*ENTRIES SUPPLIED*.
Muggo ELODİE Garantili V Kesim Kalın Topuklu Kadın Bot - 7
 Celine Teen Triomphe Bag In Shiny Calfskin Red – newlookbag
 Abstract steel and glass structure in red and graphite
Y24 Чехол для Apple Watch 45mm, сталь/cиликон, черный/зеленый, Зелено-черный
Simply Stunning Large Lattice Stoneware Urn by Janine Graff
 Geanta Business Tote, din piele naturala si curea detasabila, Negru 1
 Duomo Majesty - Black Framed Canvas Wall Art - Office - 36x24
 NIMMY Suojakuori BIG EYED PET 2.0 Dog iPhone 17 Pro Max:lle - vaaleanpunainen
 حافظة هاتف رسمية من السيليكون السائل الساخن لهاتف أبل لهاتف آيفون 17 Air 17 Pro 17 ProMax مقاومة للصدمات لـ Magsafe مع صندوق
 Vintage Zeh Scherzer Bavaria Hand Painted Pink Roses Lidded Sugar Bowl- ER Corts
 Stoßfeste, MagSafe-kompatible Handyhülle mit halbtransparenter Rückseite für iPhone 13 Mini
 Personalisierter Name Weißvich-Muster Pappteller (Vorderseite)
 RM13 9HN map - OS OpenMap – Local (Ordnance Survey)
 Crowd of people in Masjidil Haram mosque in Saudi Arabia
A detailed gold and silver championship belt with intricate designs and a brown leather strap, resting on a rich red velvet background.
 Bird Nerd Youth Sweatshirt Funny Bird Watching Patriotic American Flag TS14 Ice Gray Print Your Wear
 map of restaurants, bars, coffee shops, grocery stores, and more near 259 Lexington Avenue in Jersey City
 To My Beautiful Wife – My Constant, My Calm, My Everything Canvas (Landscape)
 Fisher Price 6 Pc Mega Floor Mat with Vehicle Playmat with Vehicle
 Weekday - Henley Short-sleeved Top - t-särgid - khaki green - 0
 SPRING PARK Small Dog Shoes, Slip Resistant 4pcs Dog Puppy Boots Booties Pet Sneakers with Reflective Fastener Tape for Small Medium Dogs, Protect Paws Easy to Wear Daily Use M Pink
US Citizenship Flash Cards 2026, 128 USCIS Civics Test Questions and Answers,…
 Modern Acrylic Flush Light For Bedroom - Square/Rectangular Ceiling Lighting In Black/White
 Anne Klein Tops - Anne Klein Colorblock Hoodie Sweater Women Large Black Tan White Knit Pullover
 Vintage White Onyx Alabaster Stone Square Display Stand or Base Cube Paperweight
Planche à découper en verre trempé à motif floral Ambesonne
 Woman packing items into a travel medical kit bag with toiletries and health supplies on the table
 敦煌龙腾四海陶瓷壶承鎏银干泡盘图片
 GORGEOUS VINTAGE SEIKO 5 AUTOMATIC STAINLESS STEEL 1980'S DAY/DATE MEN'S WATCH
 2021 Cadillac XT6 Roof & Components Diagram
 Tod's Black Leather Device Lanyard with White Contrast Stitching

*PROBLEM STATEMENT*.
All that is needed is the material, repeated exactly.

*EXERCISE ANSWER*.
Muggo ELODİE Garantili V Kesim Kalın Topuklu Kadın Bot - 7
 Celine Teen Triomphe Bag In Shiny Calfskin Red – newlookbag
 Abstract steel and glass structure in red and graphite
Y24 Чехол для Apple Watch 45mm, сталь/cиликон, черный/зеленый, Зелено-черный
Simply Stunning Large Lattice Stoneware Urn by Janine Graff
 Geanta Business Tote, din piele naturala si curea detasabila, Negru 1
 Duomo Majesty - Black Framed Canvas Wall Art - Office - 36x24
 NIMMY Suojakuori BIG EYED PET 2.0 Dog iPhone 17 Pro Max:lle - vaaleanpunainen
 حافظة هاتف رسمية من السيليكون السائل الساخن لهاتف أبل لهاتف آيفون 17 Air 17 Pro 17 ProMax مقاومة للصدمات لـ Magsafe مع صندوق
 Vintage Zeh Scherzer Bavaria Hand Painted Pink Roses Lidded Sugar Bowl- ER Corts
 Stoßfeste, MagSafe-kompatible Handyhülle mit halbtransparenter Rückseite für iPhone 13 Mini
 Personalisierter Name Weißvich-Muster Pappteller (Vorderseite)
 RM13 9HN map - OS OpenMap – Local (Ordnance Survey)
 Crowd of people in Masjidil Haram mosque in Saudi Arabia
A detailed gold and silver championship belt with intricate designs and a brown leather strap, resting on a rich red velvet background.
 Bird Nerd Youth Sweatshirt Funny Bird Watching Patriotic American Flag TS14 Ice Gray Print Your Wear
 map of restaurants, bars, coffee shops, grocery stores, and more near 259 Lexington Avenue in Jersey City
 To My Beautiful Wife – My Constant, My Calm, My Everything Canvas (Landscape)
 Fisher Price 6 Pc Mega Floor Mat with Vehicle Playmat with Vehicle
 Weekday - Henley Short-sleeved Top - t-särgid - khaki green - 0
 SPRING PARK Small Dog Shoes, Slip Resistant 4pcs Dog Puppy Boots Booties Pet Sneakers with Reflective Fastener Tape for Small Medium Dogs, Protect Paws Easy to Wear Daily Use M Pink
US Citizenship Flash Cards 2026, 128 USCIS Civics Test Questions and Answers,…
 Modern Acrylic Flush Light For Bedroom - Square/Rectangular Ceiling Lighting In Black/White
 Anne Klein Tops - Anne Klein Colorblock Hoodie Sweater Women Large Black Tan White Knit Pullover
 Vintage White Onyx Alabaster Stone Square Display Stand or Base Cube Paperweight
Planche à découper en verre trempé à motif floral Ambesonne
 Woman packing items into a travel medical kit bag with toiletries and health supplies on the table
 敦煌龙腾四海陶瓷壶承鎏银干泡盘图片
 GORGEOUS VINTAGE SEIKO 5 AUTOMATIC STAINLESS STEEL 1980'S DAY/DATE MEN'S WATCH
 2021 Cadillac XT6 Roof & Components Diagram
 Tod's Black Leather Device Lanyard with White Contrast Stitching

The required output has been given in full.